Wednesday, August 17, 2016

The One with Fireflies

As a small kid I remember running through the pasture next to my grandparent’s house to catch fireflies, probably in Mason jars. Alone, or with my cousins, this was a preferred activity in the summer. The existence of fireflies, I have recently discovered, is something that I have taken for granted most of my life. 

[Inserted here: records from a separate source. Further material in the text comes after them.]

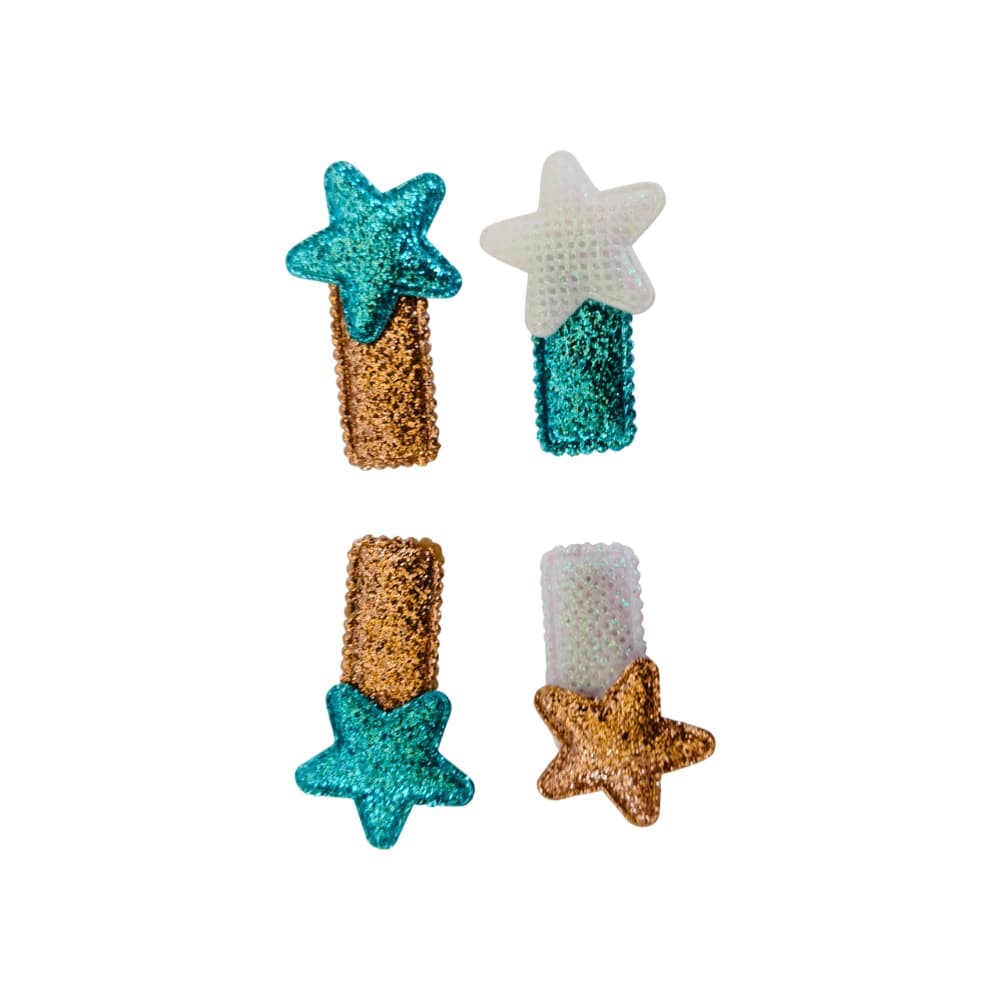 Ganchos en forma de estrellas con brillo para el cabello Tiara (4 U) - Miniatura 3
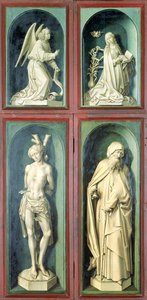 Die Verkündigung, St. Sebastian, St. Antonius der Große und die beiden Stifter, Tafeln von der Rückseite des Jüngsten Gerichts, um 1445-50 von Rogier van der Weyden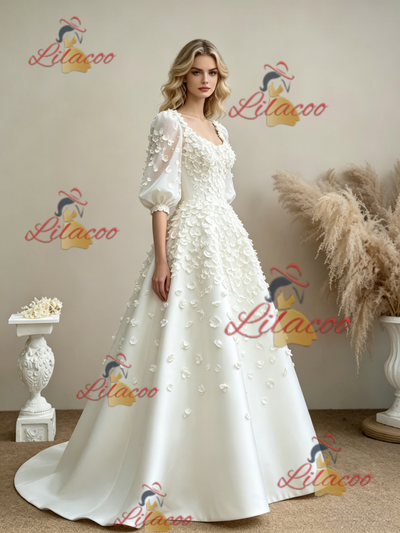 White Square Neck Puff Sleeve Flower Wedding Dress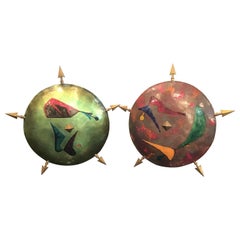 De Poli/Gio’ Ponti Stile Sconces Brass Enameled Copper, 1955, Italy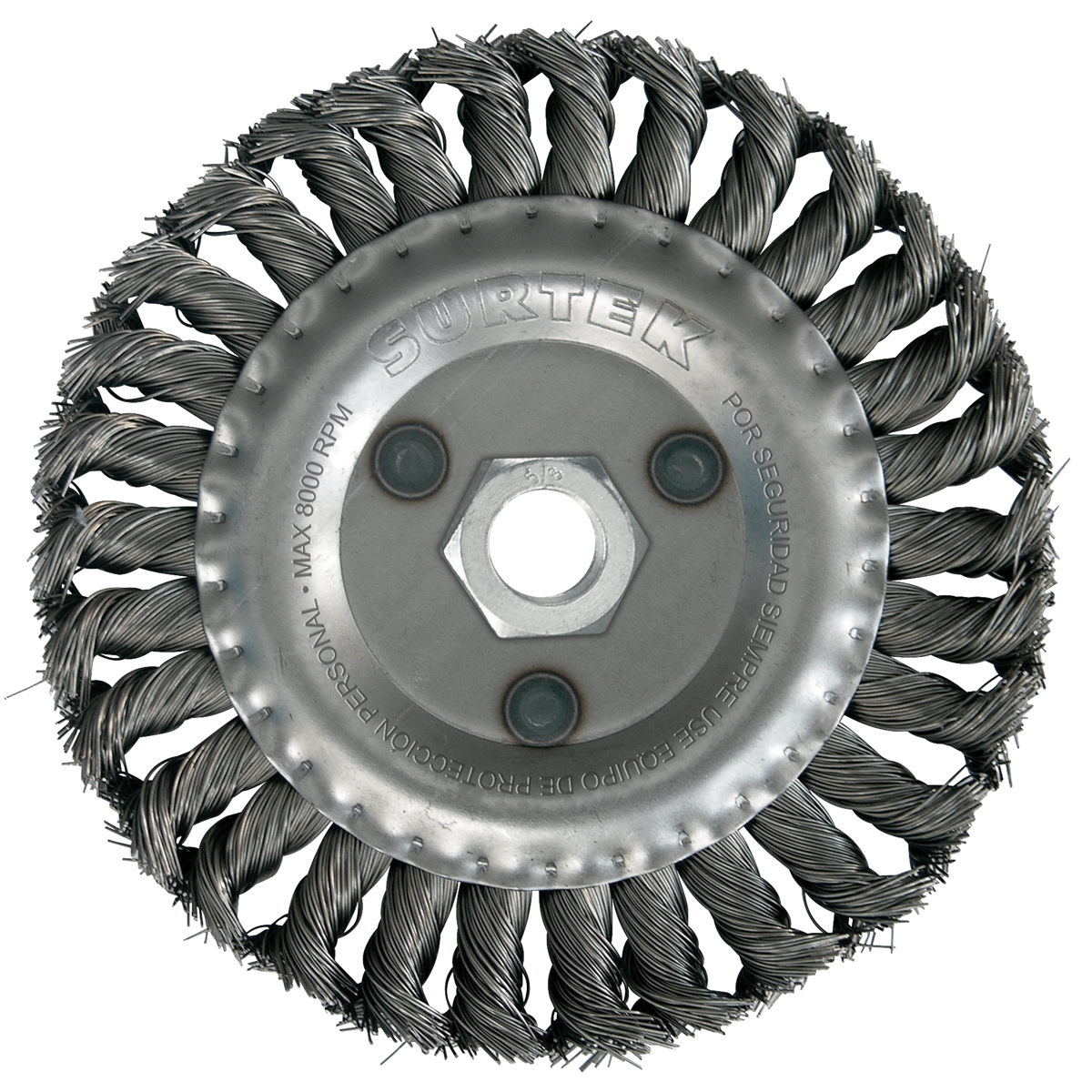 Carda Circular Trenzada Alambre Grueso 6'' X 0.51 Mm Con Rosca 5/8'' Surtek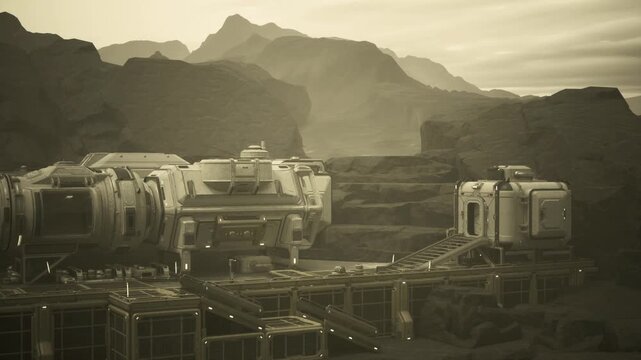 Desert research station conducting geology survey, compact laboratories and instrument pods arranged along ridge, antenna arrays and sample caches, robotic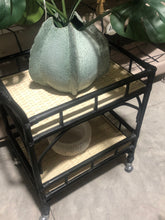 Load image into Gallery viewer, Black Rattan Bar Cart
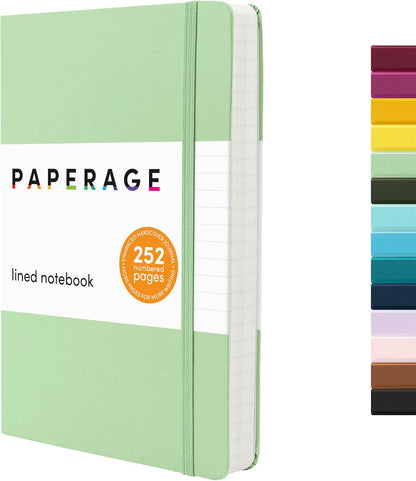 PAPERAGE Lined Journal Notebook, Hardcover Journal for Women & Men, 160 Pages, (5.6 in x 8 in), College Ruled Journaling Notebook for Work, School Supplies & Note Taking, (Black)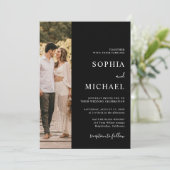 Elegante zwarte moderne minimale foto QR code brui Kaart (Staand voorkant)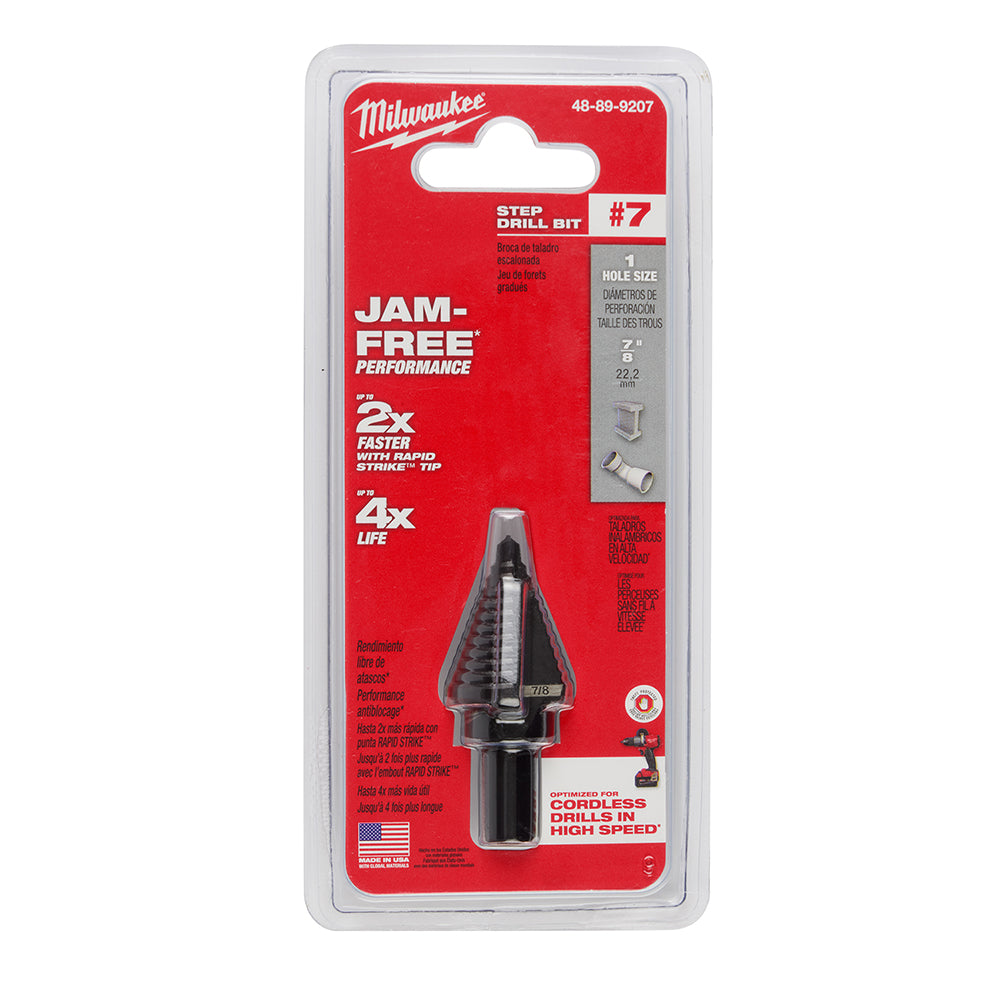 #7 Step Drill Bit, 7/8" Single Hole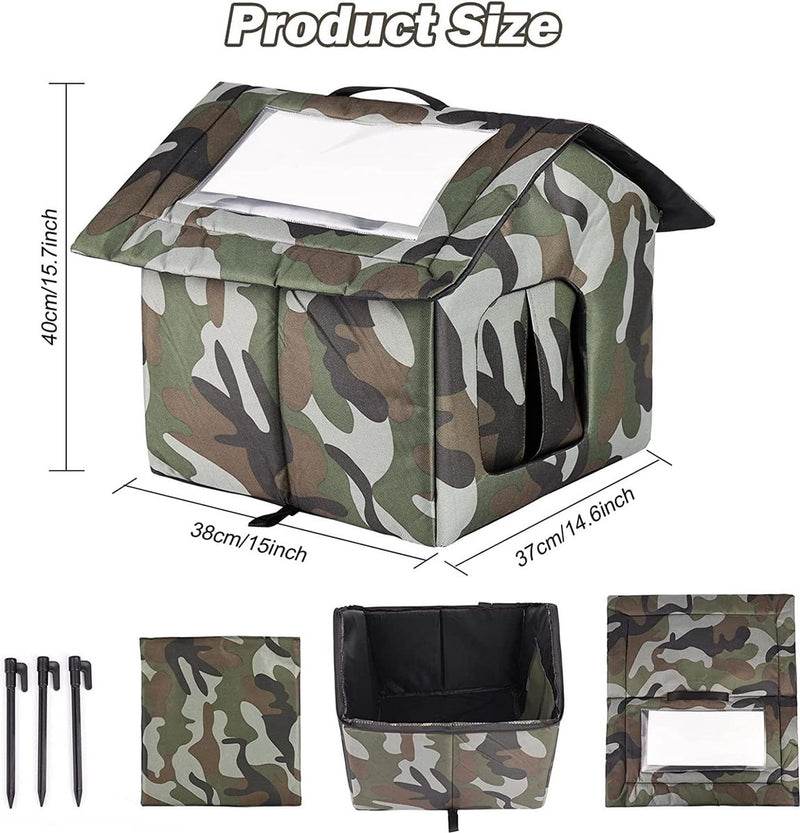 Kattenhuis voor buiten Winterbestendig, opvouwbaar, waterdicht en warm Kattengrothuis met verwijderbaar kussen voor zwerfdieren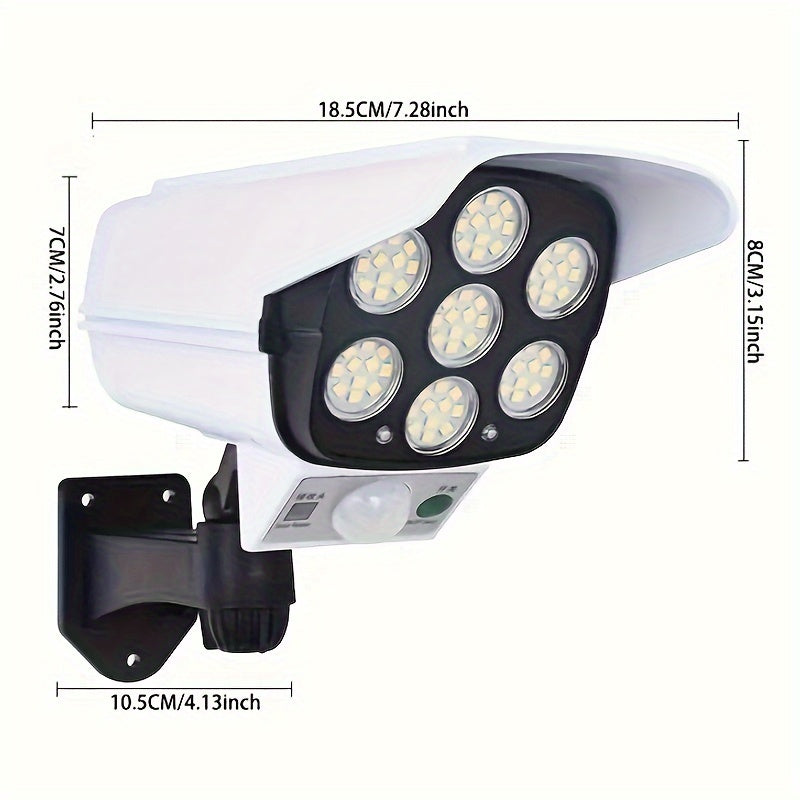 Солнечная уличная лампа с датчиком движения, имитационной камерой и смоделированным наблюдением; 77 светодиодов; датчик человеческого тела; настенный монтаж для улицы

A few months ago my boyfriend moved from the mountains of Colorado to the hills of Missouri and I have been seeing my home state through his eyes which brings everything I have ever known or thought about life here to a new perspective. 
Seeing the firefly’s light reflect in his excited eyes made me realize for the first time since I was a kid just how magical those bugs are. I realized this even more when friends and family visited from Colorado and they all experienced the magic of the firefly for the first time. There is a certain peace in being able to sit around a fire in my suburban backyard yet feel like I am in the country as the fireflies flit around and glow like embers from the fire. 
I was once invited to a middle school choir concert by a youth I worked with as an Autism Specialist. I remember sitting on the hard bleachers in the tiny school gym and smiling as his group sang the song “Fireflies” by Owl City. In that moment I knew I was experiencing something I would hold on to for a long time to come. The position I held at that time, the people I worked for and with, and the memories I frequently recall were part of the absolute best time in my professional career. That is why when I heard the song “Fireflies” on the radio en route to my first day at a new job recently I felt confident that good things were to come. Although I still have much to learn in my new position, I can feel that my suspicions may be correct; good things are to come. 
It has been the summer of the firefly and that means magic and the confidence of good things to come.